You've Gotta Fight...

Brannon & Knoblauch: I'll start out with a quote this time around: "The more we know about a writer's skill, the more we have read of that individual's work or heard of his or her reputation, the greater the claim to authority. This claim can be so powerful that we will tolerate writing from that author which appears to be unusually difficult, even obscure or down-right confusing." (p 157) I agree with this completely. This explains why I forced myself through Orlando by Virginia Woolf. I hated it immediately but kept trudging through, just because it was Woolfie. What a waste.
I have to admit that I'm glad I read this before I started teaching. It's true that even when I peer review, I don't attribute much authority to the text of my peer and so I probably go in there with the preconceived notion that there are mistakes to be unrooted, problems to be solved. I would say that the descriptions of the Paternalistic teacher who swings to the conservative or the liberal is shockingly similar to the differing views that Bartholomae and Elbow have of student work. I would be so frustrated if a teacher gave me a bad grade and then told me that I really meant to say this or the other. I remember speaking to an unnamed student who had an unnamed professor who actually made a vocabulary change on the student's rough draft. It was something like changing the word "work" to "toil" or something as ridiculous. When things like that happen, the whole work stops being the student's.
The Lindbergh Ideal Text thing was crazy, but I can see people reading something like what that student wrote and making those comments. It's nuts, but it's happened before. What is profound to some is absurd to others.
I guess the answer to finding some sort of middle ground between the conservative paternal teacher and the liberal paternal teacher is really just that...take the middle road.
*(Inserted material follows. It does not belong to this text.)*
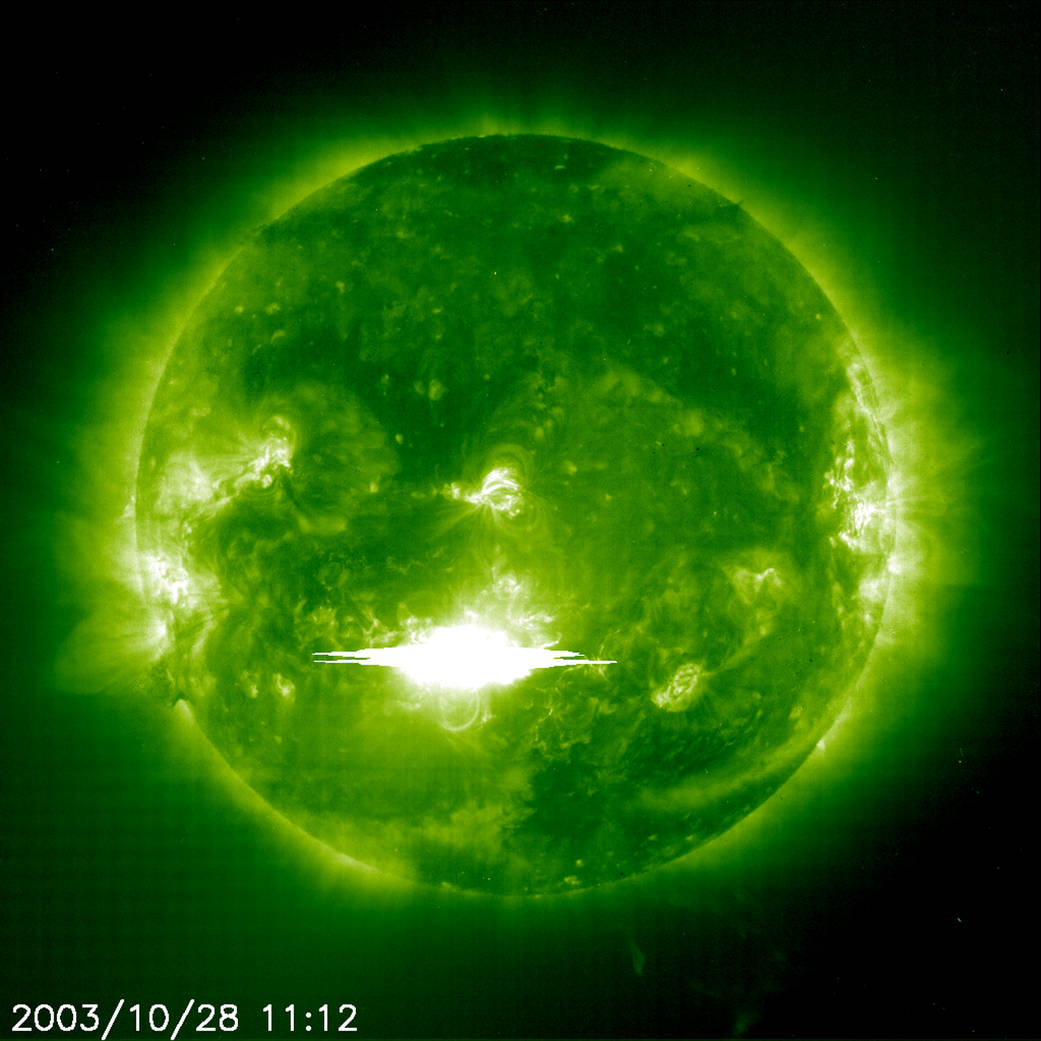 Image of sun from SOHO spacecraft with large, bright flare in lower center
Negotiate with the student. Talk to them about their work or better yet, ask them about it. Don't assume it's wrong if it doesn't neatly fit predetermined conventionality, but don't assume it's groundbreaking and has some sort of artistic agenda behind it.

Someone used the phrase, "Don't throw the baby out with the bathwater" the other day and I thought of the Lindbergh baby. Maybe that's what really happened to him.